Secretary of Labor and Industry of Pennsylvania
- In office September 5, 2017 – December 4, 2020
- Governor: Tom Wolf
- Preceded by: Kathy Manderino
- Succeeded by: Jennifer Berrier

Personal details
- Born: Philadelphia, Pennsylvania
- Party: Democratic
- Alma mater: Saint Joseph's University
- Profession: Teacher

= Jerry Oleksiak =

American politician

W. Gerard "Jerry" Oleksiak (born c. 1952) is a Democratic politician who served as the Secretary of the Pennsylvania Department of Labor and Industry under Governor Tom Wolf from 2017 until his retirement in December 2020.

Oleksiak was born and raised in Philadelphia. He graduated with a degree in international relations from Saint Joseph's University in 1974. Oleksiak later earned a master's degree in Education from Saint Joseph's. Oleksiak was a special education teacher in the Upper Merion Area School District for over three decades. He served as Pennsylvania State Education Association (PSEA) vice president, treasurer, and as a member of the board of directors. He became president of the PSEA in 2015.

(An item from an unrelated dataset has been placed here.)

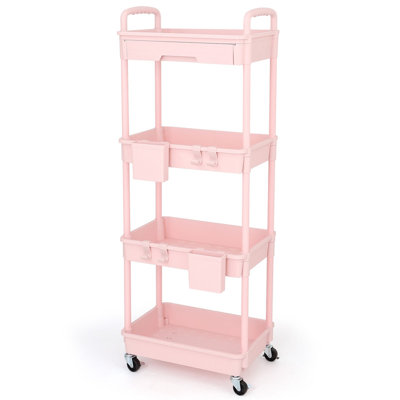 Chariot roulant polyvalent à 4 niveaux avec tiroirs, chariot de rangement pratique et polyvalent avec tablettes en plastique et roues verrouillables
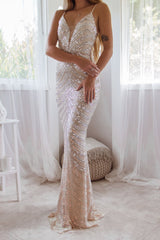 Robe Longue Bustier À Sequins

In August 2017, Wolf nominated Oleksiak as the Secretary of Labor and Industry following the resignation of Kathy Manderino. Several Senate Republicans expressed reservations about Oleksiak, however he became the secretary automatically in January 2018 due to the state Senate's refusal to act on his nomination. He became the first Pennsylvania Cabinet secretary to take office without Senate approval. Oleksiak joined the Department following a performance audit that showed almost $180 million in taxpayer dollars was spent under his leadership of Manderino on a botched modernization project for unemployment compensation. Due to a struggle of the providing of additional funding, several centers were closed and workers laid off until a bill was passed in 2017. The unemployment system was severely backlogged during the 2020 coronavirus pandemic, and Oleksiak stated "We are just going to keep plugging away to reduce that backlog." Part of the problem was due to low staffing in the department due to previous low levels of unemployment claims. By his own count, the Department processed 98 percent of claims, but as many as 30,000 Pennsylvanians still had not received Pandemic Unemployment Compensation months after submitting claims. Despite Oleksiak saying that staff has been added to try to address ongoing customer service issues, the phone lines and online chat features remain mostly ineffective and inaccessible continuing to cause many Pennsylvanians frustration.

Oleksiak lives in Glenside, Pennsylvania with his wife. He has three children and two grandchildren.